Gift Tax in The United States - Tax Deductibility For Gifts

Tax Deductibility For Gifts

Pursuant to 26 U.S.C. § 102(a), property acquired by gift, bequest, devise, or inheritance is not included in gross income and thus a taxpayer does not have to include the value of the property when filing an income tax return. Although many items might appear to be gift, courts have held the most critical factor is the transferor's intent. Bogardus v. Commissioner, 302 U.S. 34, 43, 58 S.Ct. 61, 65, 82 L.Ed. 32. (1937). The transferor must demonstrate a "detached and disinterested generosity" when giving the gift to actually exclude the value of the gift from the taxpayer's gross income.
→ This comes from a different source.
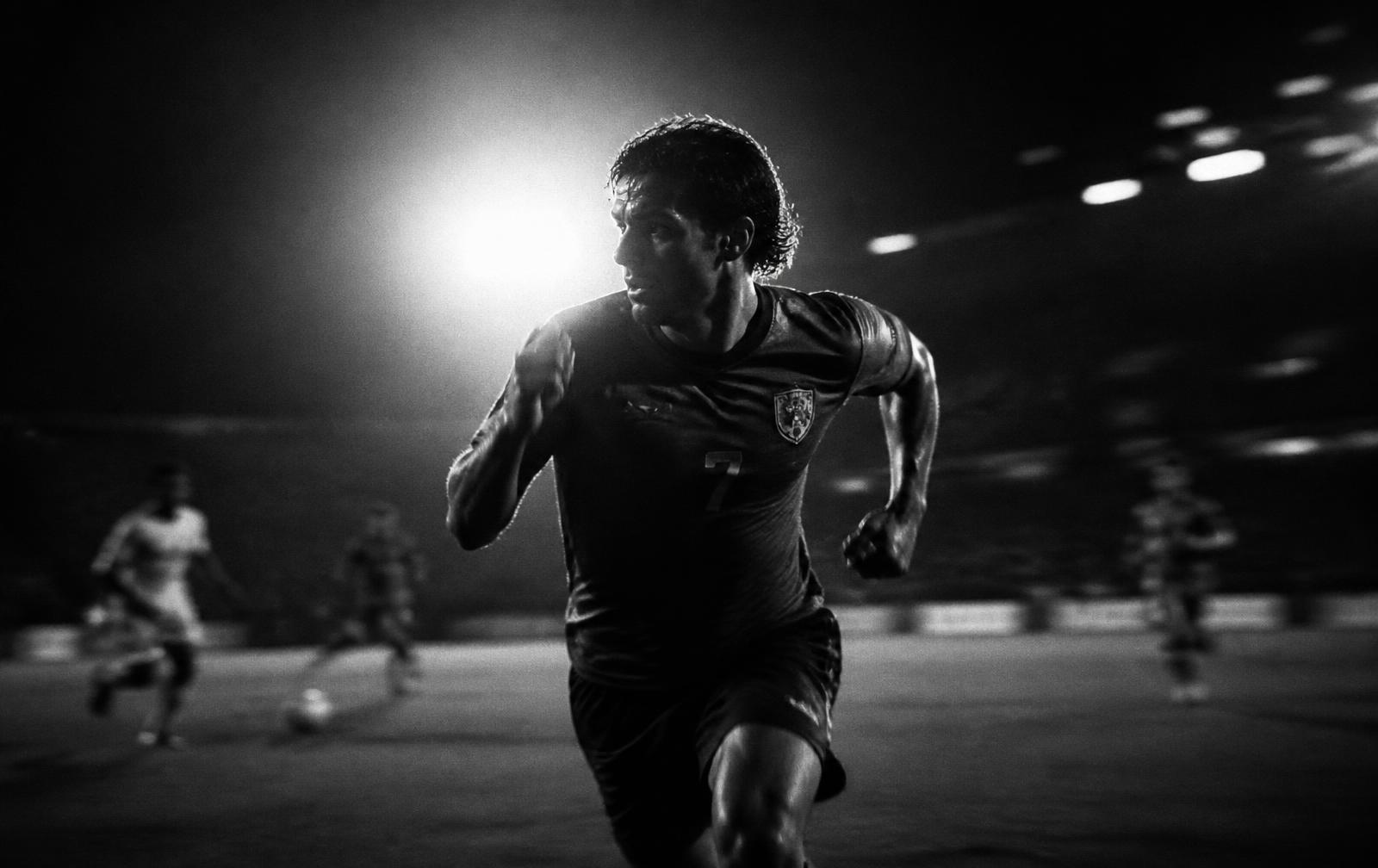 Player sprinting under floodlights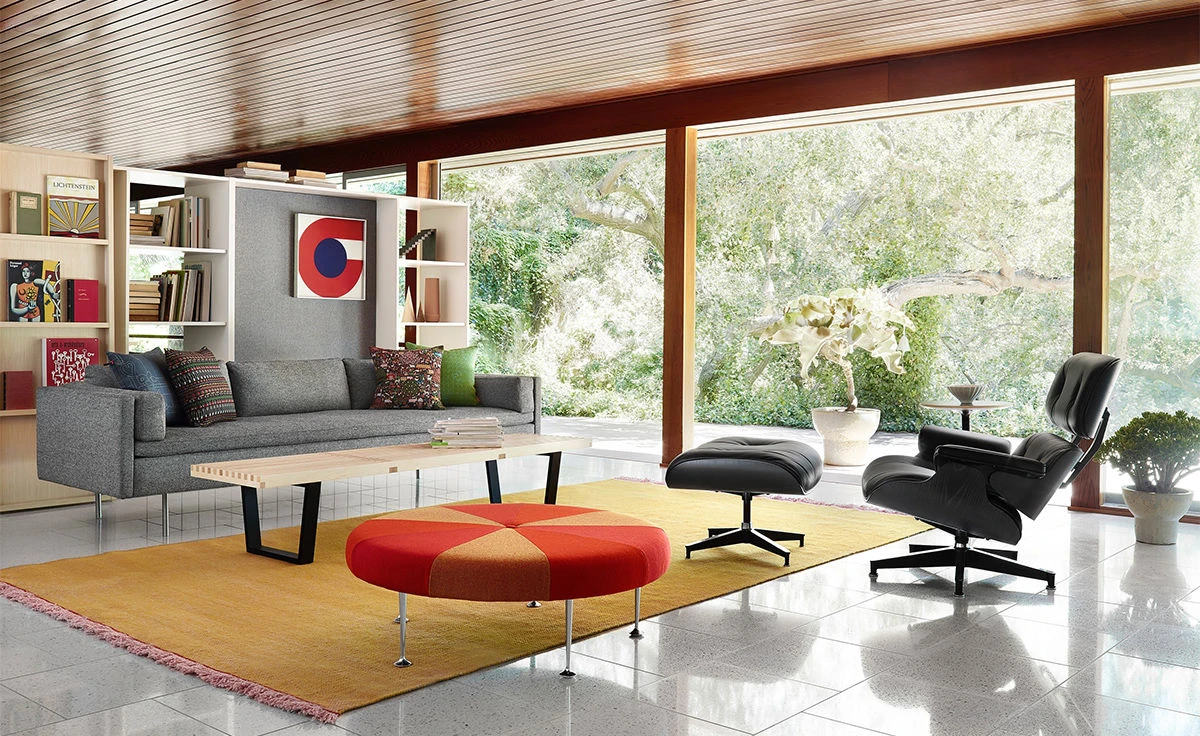 All black Eames lounge chair and ottoman styled in a modern luxury living room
Commissioner of Internal Revenue v. LoBue, 352 U.S. 243, 246, 76 S.Ct. 800, 803, 100 L.Ed. 1142 (1956). Unfortunately, the court's articulation of what exactly satisfies a "detached and disinterested generosity" leaves much to be desired.

Some situations are clearer, however.

  1. "Gifts" received at promotional events are not excluded from taxation:

For example, Oprah's seemingly good deed of giving new cars to her audience does not satisfy this definition because of Oprah's interest in the promotional value that this event causes for her television show.

  1. "Gifts" received from employers that benefit employees are not excluded from taxation:

26 U.S.C. § 102(c) clearly states employers cannot exclude as a gift anything transferred to an employee that benefits the employee. Consequently, an employer cannot gift an employee's salary to avoid taxation.

In addition, policy reasons for the gift exclusion from gross income are unclear. It is said no justification exists. It is also said the exclusion is for administrative reasons, both for taxpayers and for the IRS. Without the exclusion taxpayers would have to keep track of all their gifts, including nominal ones, during the year, and this would create additional oversight problems for the IRS.